Влияние на поведение зверя его сытости, бывалости характера местности

 

Состояние сытости или голода, особенно хищного зверя, имеет большое влияние на его поведение. Все животные вообще в сытом состоянии стремятся к отдыху; хищные же, питающиеся преимущественно мясом, часто голодающие (так как мясо достается большей частью с трудом и далеко не регулярно) имеют еще больше склонности к отдыху после сытого обеда; к тому же они проявляют в еде большую жадность, а свойственная им кровожадность толкает их на пожирание, особенно парного мяса, в об'еме, значительно отягчающем их и сильно клонящем ко сну.

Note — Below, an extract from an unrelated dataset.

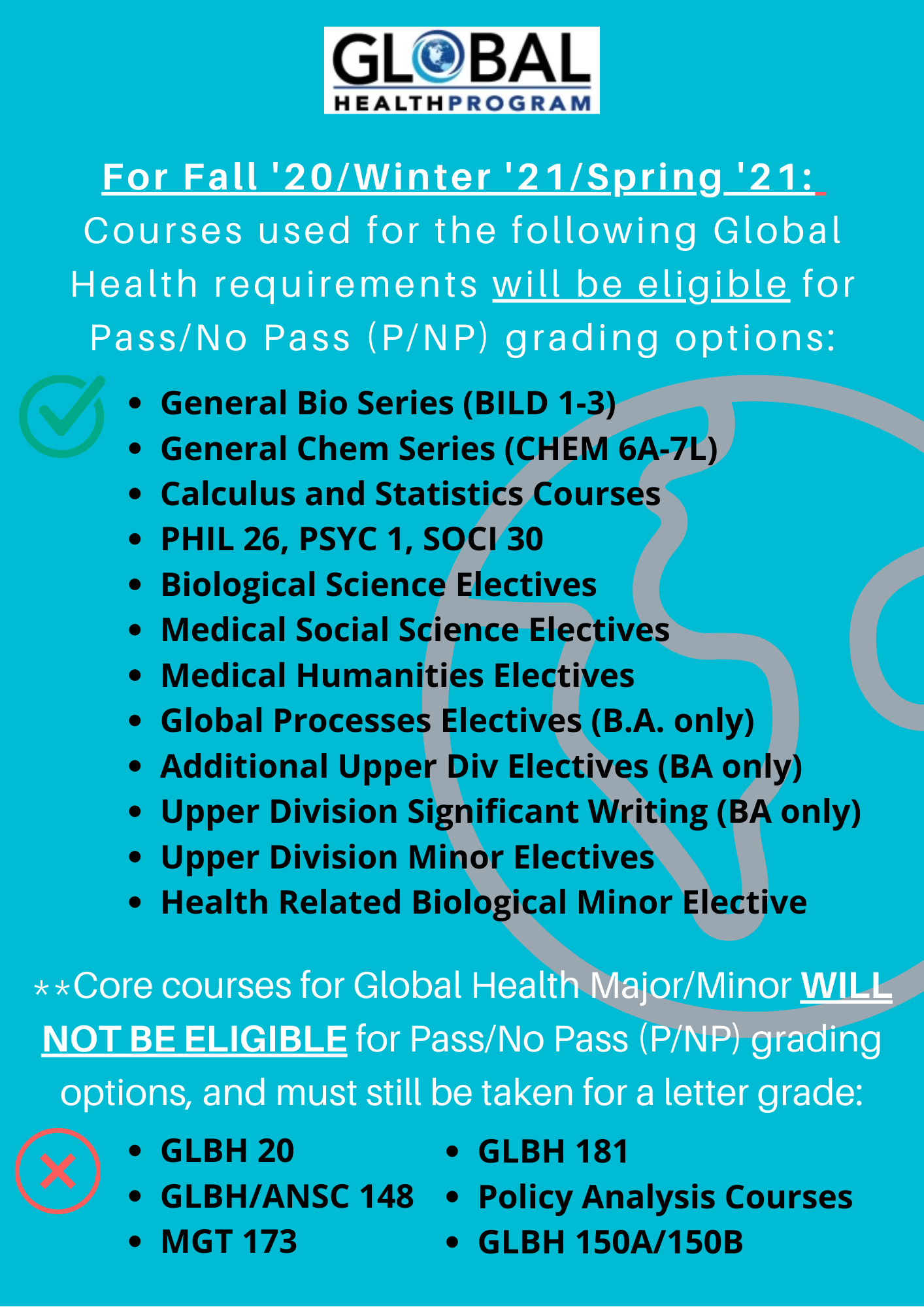 Fall-2020-P_NP-Update-2.png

Хищные звери, стремясь на отдых, с ослабленным интересом относятся к своим охотничьим возможностям по пути и лениво уходят прямым ходом на покой, оставляя признак лени в отпечатках своих следов. Напротив, зверь голодный нередко не прекращает и днем своих передвижений в надежде поживиться добычею. И только после сильного утомления успокаивается на короткое время, чтобы снова возобновить поиски. Не столько передвижение является природного потребностью хищных животных, сколько цель этих передвижений— поиски мяса, потребность в еде.

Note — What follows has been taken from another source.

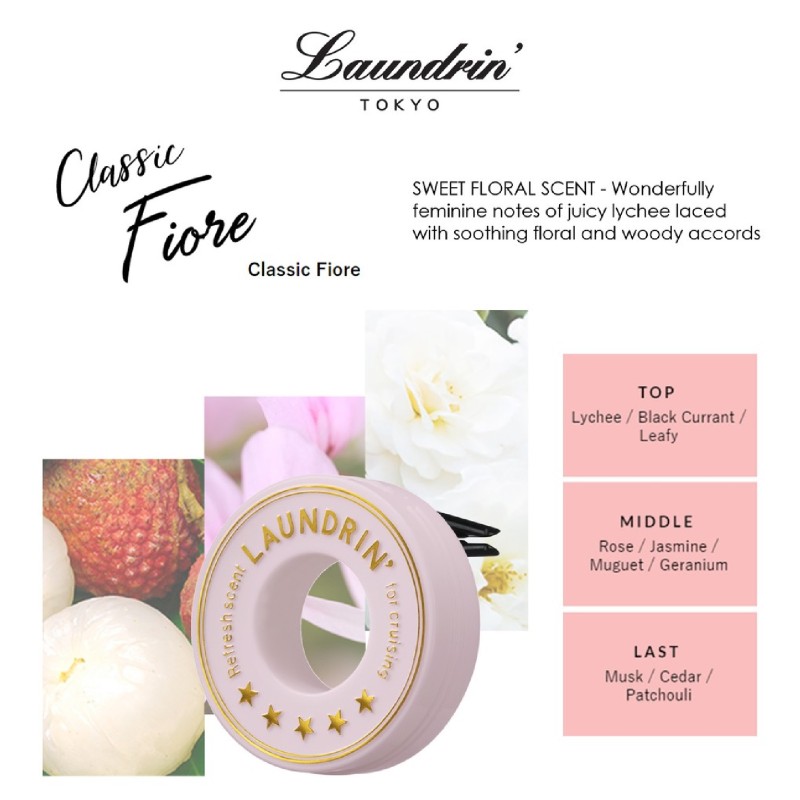 FRAGRANCE FOR CAR 1S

Голод создает беспокойство в звере и это беспокойство будит в нем и без того достаточную бдительность и настороженность дикого животного. Сытость, напротив, усыпляет, умаляет настороженность, создает лень, и зверь от лени делается словно более доверчивым. Таким образом, голод заставляет хищного зверя

1) значительно больше передвигаться и покидать нередко на продолжительное время свой район,

2) вести даже днем образ жизни, свойственный ночи и

3) быть настороженнее.

Другими словами, в подавляющем большинстве случаев голодный зверь дает значительно больше затруднений работе окладчика и препятствует успеху общественных охот. Иногда след подвернувшегося голодного зверя, случайного гостя данного района, выручает—зверя удается обложить, благодаря встрече этого следа поблизости того места, где зверь решил остановиться на отдыхе; не будь встречи с этим следом, не было бы в тог день и охоты. Но такие случаи не умаляют затруднений вообще, какие представляет голодный зверь работе окладчика, а свидетельствуют лишь о том, что голод заставил зверя шире передвигаться и толкнул его в район, где зверя выслеживают, создав таким образом счастливую случайность. Правда, иногда голод зверя способствует успеху некоторых охот (не общественного характера), производимых в одиночку или вдвоем; к числу таких охот следует отнести

1) охоту с подхода к мышкующей лисице;

2) охоту на лисиц с манком и

3) охоту на волков с поросенком.

Перечисленные выше преимущества сытого зверя заставляют окладчика позаботиться о приваде, которая при охоте на волков и лис имеет чрезвычайно большое значение, являясь положительно необходимою мерою подготовки общественных охот. Если принять во внимание, что привада способна сделать голодного зверя сытым, дать ему все преимущества сытого зверя и что благодаря ей происходит сосредоточение и стягивание в определенный район значительного количества зверей и прикрепление других (местных) к своему коренному району, —все преимущества привады станут понятными. Создавая привадою интенсивные условия для своей работы, окладчик удешевляет общественные расходы и поддерживает возможность систематически подготовлять охоты. В силу этих соображений окладчику надлежит своевременно позаботиться о приваде, на которой подробнее придется еще остановиться в соответствующей главе о подготовке.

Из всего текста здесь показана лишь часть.